The National Service Scheme (NSS) is an Indian government sector public service program conducted by the Ministry of Youth Affairs and Sports of the Government of India aimed at developing the personality and civic responsibility of student volunteers through community service. With the motto "Not Me But You," it engages millions of students in higher education institutions and senior secondary schools across the country in regular and special camping activities focused on education, health, environment, disaster relief, and social welfare. Launched as a pilot in 1969 across 37 universities with 40,000 volunteers, NSS has grown to encompass over 39,000 units and approximately 3.6 to 4.3 million active volunteers in recent years, with more than 47.8 million students having participated since inception.

== History ==
Mahatma Gandhi emphasized students' social responsibility alongside their education. Equally, the post-independence era of India urged an introduction for social service by students. This idea was considered in 1950 and 1952 and educational institutions launched various labour and service camps, campus work projects, and village apprenticeship programs.

In 1959, state education ministers were presented with the idea of involving students in organized national service in India. A National Service Committee was established on 28 August 1959 under the chair, C. D. Deshmukh, to pilot the idea. The recommendation was a period of nine months to a year of national service.

In April 1967, a conference of state education ministers suggested students could choose between the National Cadet Corps (NCC), a new National Service Scheme (NSS), and athletes could join the National Sports Organisation (NSO).

In 1969, a conference convened by the Ministry of Education and the University Grants Commission supported a national service scheme as an instrument of national integration. The NSS was formally launched in September of 1969, the birth-centenary year of Mahatma Gandhi, in 37 universities and approximately 40,000 student volunteers.

The inaugural NSS Republic Day Camp launched in 1988. Select volunteers attend the Republic Day Parade annually.

== Motto & objectives ==
The motto for the NSS is, "Not me but you", with a goal of "education through service" emphasizing the integration of community with the educational process. The NSS is focused on developing students' character and personality through community service.

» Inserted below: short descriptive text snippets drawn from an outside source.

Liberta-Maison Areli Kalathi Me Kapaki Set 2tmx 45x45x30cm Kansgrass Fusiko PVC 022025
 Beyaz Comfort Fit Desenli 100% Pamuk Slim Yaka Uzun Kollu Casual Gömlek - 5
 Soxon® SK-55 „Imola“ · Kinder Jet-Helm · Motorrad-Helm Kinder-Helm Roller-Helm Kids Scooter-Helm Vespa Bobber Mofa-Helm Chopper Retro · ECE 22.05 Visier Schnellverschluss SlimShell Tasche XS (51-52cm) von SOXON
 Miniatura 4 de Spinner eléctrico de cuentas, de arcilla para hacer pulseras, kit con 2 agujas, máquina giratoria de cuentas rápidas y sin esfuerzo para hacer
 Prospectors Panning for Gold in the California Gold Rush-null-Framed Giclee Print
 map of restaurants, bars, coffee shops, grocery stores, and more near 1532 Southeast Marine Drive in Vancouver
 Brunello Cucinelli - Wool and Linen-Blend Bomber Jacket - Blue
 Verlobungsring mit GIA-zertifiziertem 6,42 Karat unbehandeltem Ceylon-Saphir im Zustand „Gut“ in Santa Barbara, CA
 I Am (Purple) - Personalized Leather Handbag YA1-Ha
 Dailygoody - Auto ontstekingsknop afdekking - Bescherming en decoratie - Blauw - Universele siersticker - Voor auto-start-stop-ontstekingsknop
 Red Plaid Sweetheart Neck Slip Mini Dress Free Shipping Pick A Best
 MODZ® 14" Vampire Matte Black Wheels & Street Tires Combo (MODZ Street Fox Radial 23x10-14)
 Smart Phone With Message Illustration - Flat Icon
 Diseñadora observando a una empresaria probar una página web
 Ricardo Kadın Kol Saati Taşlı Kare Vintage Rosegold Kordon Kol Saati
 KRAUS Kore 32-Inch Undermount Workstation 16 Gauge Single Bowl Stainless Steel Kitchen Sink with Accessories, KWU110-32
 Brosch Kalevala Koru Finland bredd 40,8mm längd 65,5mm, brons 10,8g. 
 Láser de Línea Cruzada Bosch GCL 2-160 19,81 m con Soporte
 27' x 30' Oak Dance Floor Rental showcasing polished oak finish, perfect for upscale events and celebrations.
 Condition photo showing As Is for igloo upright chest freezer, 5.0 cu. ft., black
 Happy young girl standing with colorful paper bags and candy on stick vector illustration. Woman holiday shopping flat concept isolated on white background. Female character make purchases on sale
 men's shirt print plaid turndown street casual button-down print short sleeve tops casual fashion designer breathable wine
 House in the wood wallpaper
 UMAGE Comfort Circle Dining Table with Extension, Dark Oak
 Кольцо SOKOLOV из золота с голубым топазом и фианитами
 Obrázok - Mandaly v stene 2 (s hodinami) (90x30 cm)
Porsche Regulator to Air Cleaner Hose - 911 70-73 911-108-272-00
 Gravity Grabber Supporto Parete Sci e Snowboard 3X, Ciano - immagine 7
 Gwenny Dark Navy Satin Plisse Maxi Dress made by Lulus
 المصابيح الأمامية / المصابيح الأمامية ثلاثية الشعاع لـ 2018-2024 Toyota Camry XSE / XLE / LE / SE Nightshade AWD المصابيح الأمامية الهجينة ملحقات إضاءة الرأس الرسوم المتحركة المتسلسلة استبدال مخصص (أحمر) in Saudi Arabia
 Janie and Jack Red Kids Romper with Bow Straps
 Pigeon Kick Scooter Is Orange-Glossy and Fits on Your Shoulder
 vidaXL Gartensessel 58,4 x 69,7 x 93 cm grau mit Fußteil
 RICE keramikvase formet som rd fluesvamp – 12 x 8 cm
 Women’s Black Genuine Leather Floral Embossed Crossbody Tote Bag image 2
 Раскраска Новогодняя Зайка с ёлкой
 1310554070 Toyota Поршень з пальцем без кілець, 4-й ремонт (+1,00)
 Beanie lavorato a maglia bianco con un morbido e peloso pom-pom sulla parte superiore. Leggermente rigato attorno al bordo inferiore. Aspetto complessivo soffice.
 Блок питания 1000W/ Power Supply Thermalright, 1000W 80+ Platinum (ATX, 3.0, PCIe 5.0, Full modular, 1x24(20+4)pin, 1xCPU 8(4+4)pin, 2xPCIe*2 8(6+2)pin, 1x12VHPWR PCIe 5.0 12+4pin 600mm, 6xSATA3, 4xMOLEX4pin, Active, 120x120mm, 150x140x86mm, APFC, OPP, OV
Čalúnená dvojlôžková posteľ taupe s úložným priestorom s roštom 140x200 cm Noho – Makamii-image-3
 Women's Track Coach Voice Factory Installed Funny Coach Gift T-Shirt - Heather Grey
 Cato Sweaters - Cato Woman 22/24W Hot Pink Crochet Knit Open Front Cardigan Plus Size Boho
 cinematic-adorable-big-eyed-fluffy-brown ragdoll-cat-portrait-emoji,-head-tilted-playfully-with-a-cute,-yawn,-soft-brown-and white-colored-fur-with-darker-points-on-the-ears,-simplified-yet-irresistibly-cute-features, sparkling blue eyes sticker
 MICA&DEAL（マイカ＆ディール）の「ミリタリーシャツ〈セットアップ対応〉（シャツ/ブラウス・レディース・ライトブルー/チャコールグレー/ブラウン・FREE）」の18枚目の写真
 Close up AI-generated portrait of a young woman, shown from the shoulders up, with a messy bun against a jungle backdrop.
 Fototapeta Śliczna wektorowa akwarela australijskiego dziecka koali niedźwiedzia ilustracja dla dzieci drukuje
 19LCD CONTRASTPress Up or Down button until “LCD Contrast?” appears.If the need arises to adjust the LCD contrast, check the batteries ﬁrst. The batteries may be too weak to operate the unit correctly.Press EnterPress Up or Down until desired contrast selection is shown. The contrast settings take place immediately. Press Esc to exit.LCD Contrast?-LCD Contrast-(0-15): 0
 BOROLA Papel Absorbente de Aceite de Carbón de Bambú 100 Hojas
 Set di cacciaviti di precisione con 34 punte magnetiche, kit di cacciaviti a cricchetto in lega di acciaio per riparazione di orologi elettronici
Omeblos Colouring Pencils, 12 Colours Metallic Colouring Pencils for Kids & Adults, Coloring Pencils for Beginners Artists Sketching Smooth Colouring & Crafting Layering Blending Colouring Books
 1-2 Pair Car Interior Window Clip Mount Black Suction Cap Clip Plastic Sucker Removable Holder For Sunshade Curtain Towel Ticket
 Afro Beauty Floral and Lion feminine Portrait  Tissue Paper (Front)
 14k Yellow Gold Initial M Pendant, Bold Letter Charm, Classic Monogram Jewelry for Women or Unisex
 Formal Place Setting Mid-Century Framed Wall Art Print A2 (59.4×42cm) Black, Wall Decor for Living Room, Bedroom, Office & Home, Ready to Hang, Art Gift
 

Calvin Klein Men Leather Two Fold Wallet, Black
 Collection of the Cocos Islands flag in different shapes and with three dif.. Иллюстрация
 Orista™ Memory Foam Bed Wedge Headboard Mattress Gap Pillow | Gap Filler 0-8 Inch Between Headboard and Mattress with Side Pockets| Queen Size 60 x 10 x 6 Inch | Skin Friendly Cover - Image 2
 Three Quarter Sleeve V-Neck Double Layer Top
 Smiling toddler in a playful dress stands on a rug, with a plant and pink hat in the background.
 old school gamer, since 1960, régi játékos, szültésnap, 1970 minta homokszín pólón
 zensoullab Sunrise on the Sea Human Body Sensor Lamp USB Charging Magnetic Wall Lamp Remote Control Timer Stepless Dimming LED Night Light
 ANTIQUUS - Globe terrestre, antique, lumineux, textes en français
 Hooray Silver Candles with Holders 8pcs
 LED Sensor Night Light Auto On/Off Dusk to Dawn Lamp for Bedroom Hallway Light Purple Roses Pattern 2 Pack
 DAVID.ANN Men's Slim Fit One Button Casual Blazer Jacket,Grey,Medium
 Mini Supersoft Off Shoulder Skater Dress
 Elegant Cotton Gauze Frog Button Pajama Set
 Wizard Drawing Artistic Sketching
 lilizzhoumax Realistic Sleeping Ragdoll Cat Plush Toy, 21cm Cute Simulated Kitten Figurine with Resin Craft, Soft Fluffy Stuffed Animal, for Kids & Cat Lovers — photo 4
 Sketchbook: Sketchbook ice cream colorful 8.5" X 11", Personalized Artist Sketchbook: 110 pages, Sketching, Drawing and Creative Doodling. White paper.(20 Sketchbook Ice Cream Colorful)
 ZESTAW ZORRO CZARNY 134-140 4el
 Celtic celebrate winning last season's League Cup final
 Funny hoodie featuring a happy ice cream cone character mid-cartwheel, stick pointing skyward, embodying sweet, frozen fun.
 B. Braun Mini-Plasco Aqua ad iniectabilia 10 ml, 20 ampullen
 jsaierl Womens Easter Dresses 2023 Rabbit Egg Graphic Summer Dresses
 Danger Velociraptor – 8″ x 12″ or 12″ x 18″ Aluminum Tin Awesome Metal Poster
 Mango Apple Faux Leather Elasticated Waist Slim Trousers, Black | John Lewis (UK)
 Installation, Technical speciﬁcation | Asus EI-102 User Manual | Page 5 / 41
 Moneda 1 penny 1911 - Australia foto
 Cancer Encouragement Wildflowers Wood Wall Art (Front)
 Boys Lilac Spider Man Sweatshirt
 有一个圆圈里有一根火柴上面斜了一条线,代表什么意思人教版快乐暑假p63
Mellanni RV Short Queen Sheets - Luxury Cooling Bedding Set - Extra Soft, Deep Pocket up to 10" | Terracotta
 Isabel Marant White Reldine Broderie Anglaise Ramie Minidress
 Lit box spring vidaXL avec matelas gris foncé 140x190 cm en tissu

== Volunteer requirements ==
Enrollment into the program is open to students in the 11th and 12th grade, technical institutions, and graduate programs after passing a screening process. Volunteers must fulfill specific criteria over a two-year period. Each members must complete a minimum of 120 service hours per year for two consecutive years. During the two-year period, each individual must participate in a special 7-day special camp. These camps are held in adopted villages within an 8 kilometer radius of one's academic institution.

=== Activities ===
Regular activities held by the NSS include health drives focused on blood donations, disease awareness, and personal hygiene. Environmental conservation initiatives include tree planting, cleanliness campaigns, and waste management initiatives. Literacy programs for adults and underprivileged children; volunteers also help with school administration in rural areas. Infrastructure improvement programs to improve roads, bridges, ponds, and developing villages. Social awareness programs are held to educate against caste discrimination and gender inequality, and substance abuse.

== Administrative structure ==
From the initial 37 universities, the NSS has expanded to hundreds of universities with several million volunteers. Starting the 2016-2017 fiscal year, the NSS became a Central Sector Scheme (CSS) with 100% funding from the Government of India under the Ministry of Youth Affairs and Sports.